Start of Records provided
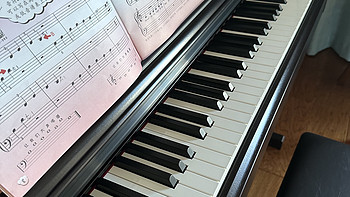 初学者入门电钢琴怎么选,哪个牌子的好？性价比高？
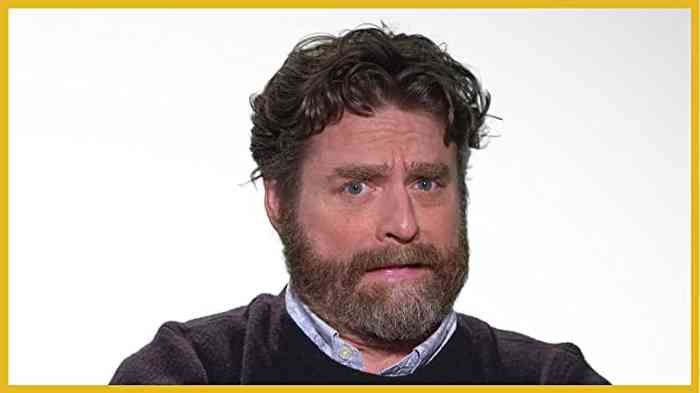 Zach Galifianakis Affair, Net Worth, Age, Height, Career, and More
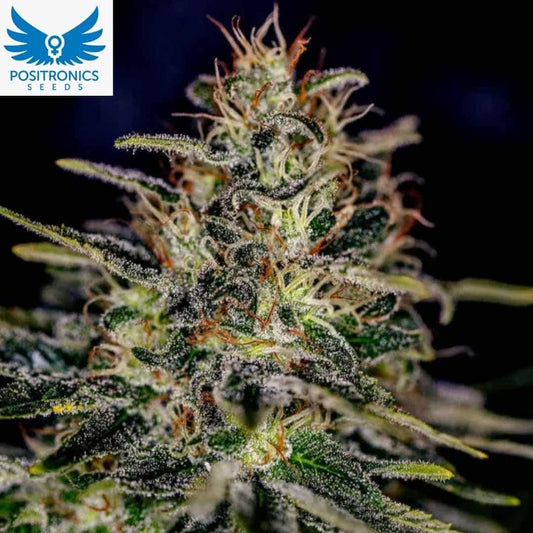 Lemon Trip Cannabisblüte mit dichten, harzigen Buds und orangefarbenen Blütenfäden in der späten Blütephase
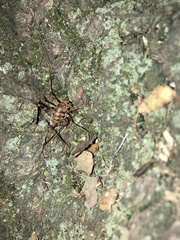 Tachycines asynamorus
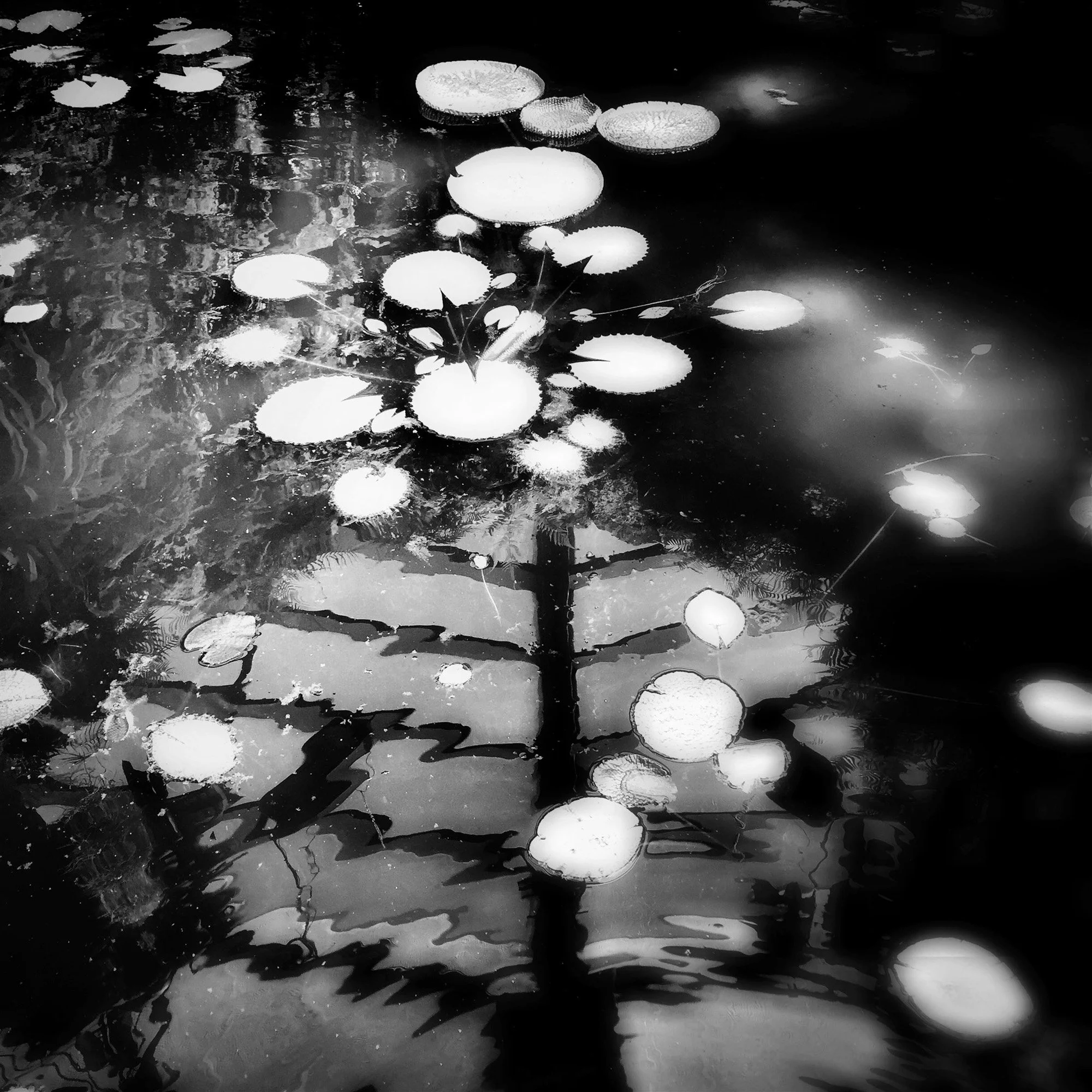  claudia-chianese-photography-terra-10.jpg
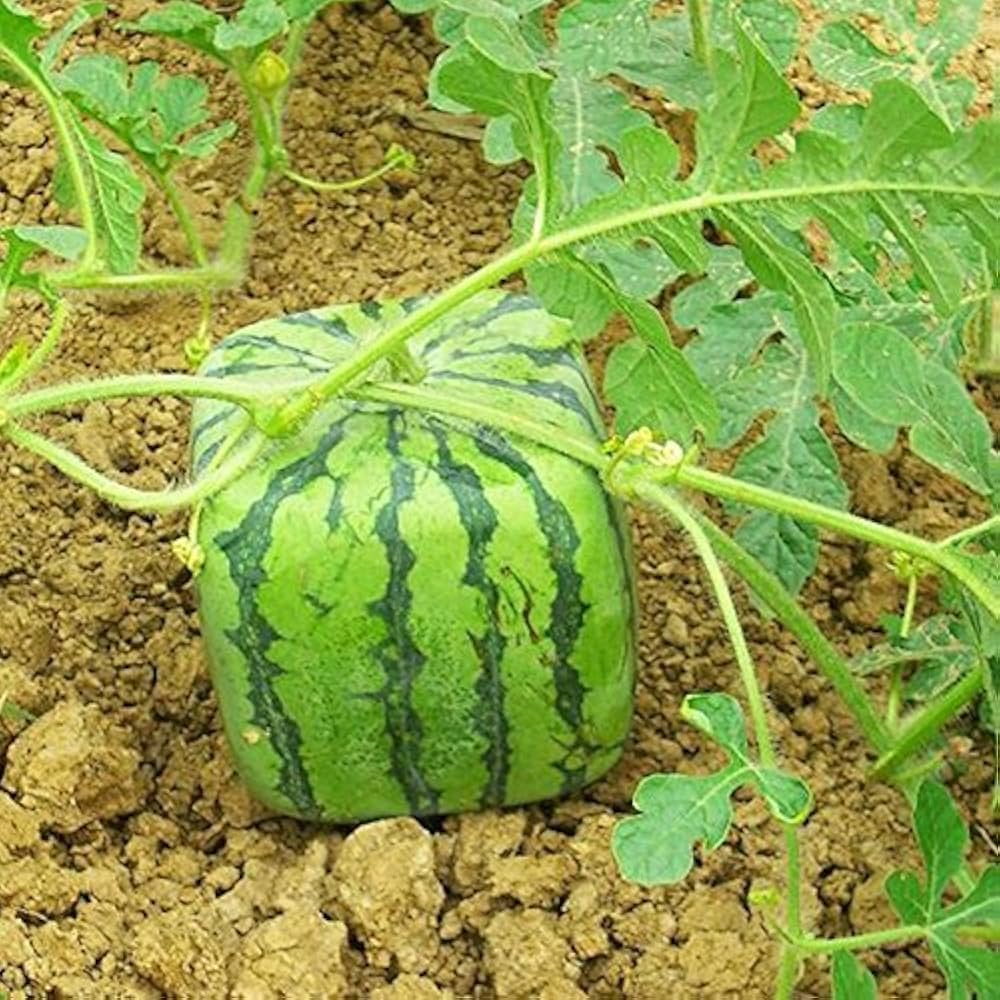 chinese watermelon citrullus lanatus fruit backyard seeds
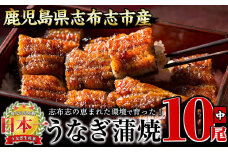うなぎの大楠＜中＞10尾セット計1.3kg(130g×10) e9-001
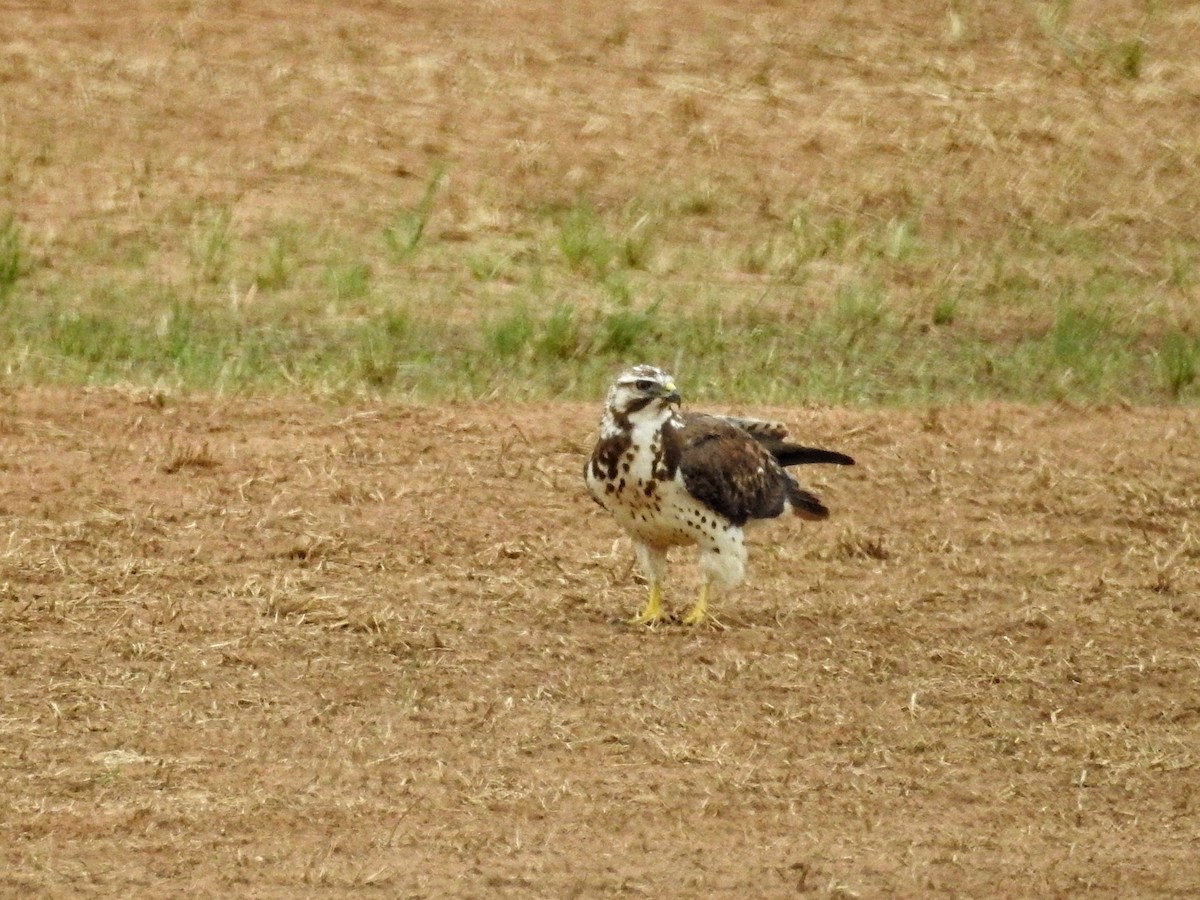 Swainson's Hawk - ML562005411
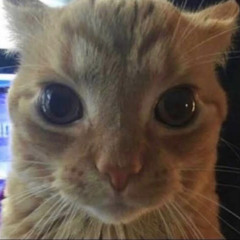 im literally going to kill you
End of Records provided
▸ **Activity**
Starting at the line that holds "Zach Galifianakis Affair, Net", copy each line exactly through the end of the listing, both ends included. Leave the pictures out.

▸ **Reply**
 Zach Galifianakis Affair, Net Worth, Age, Height, Career, and More
 Lemon Trip Cannabisblüte mit dichten, harzigen Buds und orangefarbenen Blütenfäden in der späten Blütephase
 Tachycines asynamorus
  claudia-chianese-photography-terra-10.jpg
 chinese watermelon citrullus lanatus fruit backyard seeds
うなぎの大楠＜中＞10尾セット計1.3kg(130g×10) e9-001
 Swainson's Hawk - ML562005411
 im literally going to kill you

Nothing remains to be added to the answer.